Do Localization Methods Actually Localize Memorized Data in LLMs? A Tale of Two Benchmarks
Ting-Yun Chang, Jesse Thomason, Robin Jia
TL;DR
The paper addresses whether localization methods truly pinpoint memorized data within LLMs by introducing two complementary benchmarks: INJ, which injects ground-truth memorized weights to directly assess localization accuracy, and DEL, which uses dropout to evaluate the causal role of predicted neurons for pretrained memorized sequences. Five localization methods are compared—Zero-Out, Activations, Integrated Gradients (IG), Slimming, and Hard Concrete—with pruning-based approaches (Slimming and Hard Concrete) achieving the strongest localization signals across both benchmarks. Results show all methods can localize better than random, but precise, sequence-specific localization remains challenging due to memory sharing across related sequences. The two benchmarks yield consistent method rankings and reveal that memorized information is distributed across layers, suggesting limitations for perfect, per-sequence localization but clear potential for targeted forgetting or unlearning applications.
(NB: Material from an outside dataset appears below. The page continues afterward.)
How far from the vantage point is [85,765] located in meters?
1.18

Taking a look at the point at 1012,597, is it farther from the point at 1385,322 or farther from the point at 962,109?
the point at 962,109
Overall, the study provides a rigorous framework to evaluate localization in LLMs and highlights the promise and current limits of existing methods for identifying and potentially removing memorized content.
Abstract
The concept of localization in LLMs is often mentioned in prior work; however, methods for localization have never been systematically and directly evaluated. We propose two complementary benchmarks that evaluate the ability of localization methods to pinpoint LLM components responsible for memorized data. In our INJ benchmark, we actively inject a piece of new information into a small subset of LLM weights, enabling us to directly evaluate whether localization methods can identify these "ground truth" weights. In our DEL benchmark, we evaluate localization by measuring how much dropping out identified neurons deletes a memorized pretrained sequence. Despite their different perspectives, our two benchmarks yield consistent rankings of five localization methods. Methods adapted from network pruning perform well on both benchmarks, and all evaluated methods show promising localization ability. On the other hand, even successful methods identify neurons that are not specific to a single memorized sequence.